Badenheim 1939
"A la porte de la ville, on avait dressé une barrière. Personne n'entrait ni ne sortait. Toutefois, la porte n'était pas totalement fermée. Les laitiers livraient le lait le matin et le camion des maraîchers déchargeait des cageots à l'hôtel ; les deux cafés étaient ouverts, l'orchestre jouait tous les soirs. Cependant on avait l'impression qu'un autre temps, différent du temps régional, pénétrait dans la place et s'installait en silence".
Printemps 1939. Comme chaque année, la station thermale autrichienne de Badenheim voit arriver les habitués pour une nouvelle saison. Papenheim l'impresario est là, toujours énervé, ne sachant pas s'il arrivera à faire venir à temps les artistes qu'il a invités. Le grand Mandelbaum, violoniste, est attendu pour le festival de musique et occupe toutes les conversations. Les deux prostituées locales, Sallie et Gertie sont là aussi et le directeur de l'hôtel se met en quatre pour satisfaire tout le monde.
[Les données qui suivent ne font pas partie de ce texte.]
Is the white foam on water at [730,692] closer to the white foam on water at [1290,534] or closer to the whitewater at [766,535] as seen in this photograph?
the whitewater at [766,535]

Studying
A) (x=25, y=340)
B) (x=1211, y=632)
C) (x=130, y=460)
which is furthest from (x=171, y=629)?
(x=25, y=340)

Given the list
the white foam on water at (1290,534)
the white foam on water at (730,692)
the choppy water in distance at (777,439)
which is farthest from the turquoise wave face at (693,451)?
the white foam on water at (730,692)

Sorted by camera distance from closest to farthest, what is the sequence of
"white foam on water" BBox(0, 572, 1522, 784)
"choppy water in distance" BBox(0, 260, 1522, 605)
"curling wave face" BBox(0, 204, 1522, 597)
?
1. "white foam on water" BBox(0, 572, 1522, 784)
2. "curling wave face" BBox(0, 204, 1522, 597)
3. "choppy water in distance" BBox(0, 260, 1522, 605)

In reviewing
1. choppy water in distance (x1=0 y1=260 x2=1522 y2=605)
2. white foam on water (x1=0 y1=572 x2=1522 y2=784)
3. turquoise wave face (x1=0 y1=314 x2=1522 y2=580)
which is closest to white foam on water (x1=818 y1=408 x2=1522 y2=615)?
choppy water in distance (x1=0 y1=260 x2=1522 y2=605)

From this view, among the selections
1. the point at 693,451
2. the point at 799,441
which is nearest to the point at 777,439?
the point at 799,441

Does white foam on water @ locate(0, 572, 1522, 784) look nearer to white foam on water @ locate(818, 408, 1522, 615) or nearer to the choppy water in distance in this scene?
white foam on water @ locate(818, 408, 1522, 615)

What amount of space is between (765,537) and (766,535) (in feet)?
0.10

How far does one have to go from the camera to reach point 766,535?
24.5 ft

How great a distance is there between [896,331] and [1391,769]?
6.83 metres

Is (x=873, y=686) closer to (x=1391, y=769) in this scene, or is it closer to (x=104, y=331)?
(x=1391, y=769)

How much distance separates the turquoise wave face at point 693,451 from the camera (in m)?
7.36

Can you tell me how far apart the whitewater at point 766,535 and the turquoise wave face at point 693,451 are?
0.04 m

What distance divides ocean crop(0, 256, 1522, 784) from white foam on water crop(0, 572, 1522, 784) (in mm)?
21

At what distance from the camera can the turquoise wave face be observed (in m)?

Mais nous sommes en 1939. Dans cette ambiance légère et frivole, deux fonctionnaires font irruption, chargés du recensement de tous les juifs présents, sous un prétexte sanitaire. Les rumeurs commencent à circuler, il est question d'une "délocalisation" en Pologne. Certains y voient un pays arriéré alors que d'autres le parent de toutes les vertus, sur la foi de souvenirs d'enfance.
L'ambiance se délite peu à peu, si au début rien ne paraît changer, les restrictions de déplacement se font plus sévères, l'isolement se précise, le ravitaillement se raréfie. Dans ce contexte, les relations entre les visiteurs changent, des idylles se nouent, des disputes éclatent, mais tous refusent de voir la réalité de ce qui se trame, s'aveuglant sur les objectifs poursuivis.
Les dernières pages du roman contrastent fortement avec ce qui a précédé, souvent métaphorique, plus d'échappatoire, la machine de destruction est en route.
J'ai eu plaisir à retrouver l'écriture de l'auteur, si fluide et précise, j'ai pourtant eu du mal à entrer dans ce roman-là, à l'atmosphère étrange et irréelle. Les personnages m'ont paru lointains, comme étrangers à leur histoire, d'où la difficulté d'éprouver de l'empathie pour eux. Une légère déception, ce qui n'enlève rien à l'immense talent d'Aharon Appelfeld.